# TASK ITEM
Your response should consist solely of the records, written out exactly.

# RECORDED DATA
● ● ● ● ● ● ●

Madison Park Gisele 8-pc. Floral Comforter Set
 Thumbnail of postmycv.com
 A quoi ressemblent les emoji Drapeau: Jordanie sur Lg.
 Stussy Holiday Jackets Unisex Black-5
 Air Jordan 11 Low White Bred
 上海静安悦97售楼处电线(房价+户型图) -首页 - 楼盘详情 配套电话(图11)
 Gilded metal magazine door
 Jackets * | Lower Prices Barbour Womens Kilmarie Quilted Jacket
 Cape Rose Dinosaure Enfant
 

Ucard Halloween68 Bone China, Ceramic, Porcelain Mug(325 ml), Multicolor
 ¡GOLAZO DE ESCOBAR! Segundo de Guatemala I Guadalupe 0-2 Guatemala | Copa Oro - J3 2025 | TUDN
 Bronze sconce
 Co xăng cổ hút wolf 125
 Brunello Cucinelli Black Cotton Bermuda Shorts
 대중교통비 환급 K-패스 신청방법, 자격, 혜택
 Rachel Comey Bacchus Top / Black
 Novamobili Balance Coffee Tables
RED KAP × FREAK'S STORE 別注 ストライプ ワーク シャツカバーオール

● ● ● ● ● ● ●

# RESULT OF THIS EXERCISE
Madison Park Gisele 8-pc. Floral Comforter Set
 Thumbnail of postmycv.com
 A quoi ressemblent les emoji Drapeau: Jordanie sur Lg.
 Stussy Holiday Jackets Unisex Black-5
 Air Jordan 11 Low White Bred
 上海静安悦97售楼处电线(房价+户型图) -首页 - 楼盘详情 配套电话(图11)
 Gilded metal magazine door
 Jackets * | Lower Prices Barbour Womens Kilmarie Quilted Jacket
 Cape Rose Dinosaure Enfant
 

Ucard Halloween68 Bone China, Ceramic, Porcelain Mug(325 ml), Multicolor
 ¡GOLAZO DE ESCOBAR! Segundo de Guatemala I Guadalupe 0-2 Guatemala | Copa Oro - J3 2025 | TUDN
 Bronze sconce
 Co xăng cổ hút wolf 125
 Brunello Cucinelli Black Cotton Bermuda Shorts
 대중교통비 환급 K-패스 신청방법, 자격, 혜택
 Rachel Comey Bacchus Top / Black
 Novamobili Balance Coffee Tables
RED KAP × FREAK'S STORE 別注 ストライプ ワーク シャツカバーオール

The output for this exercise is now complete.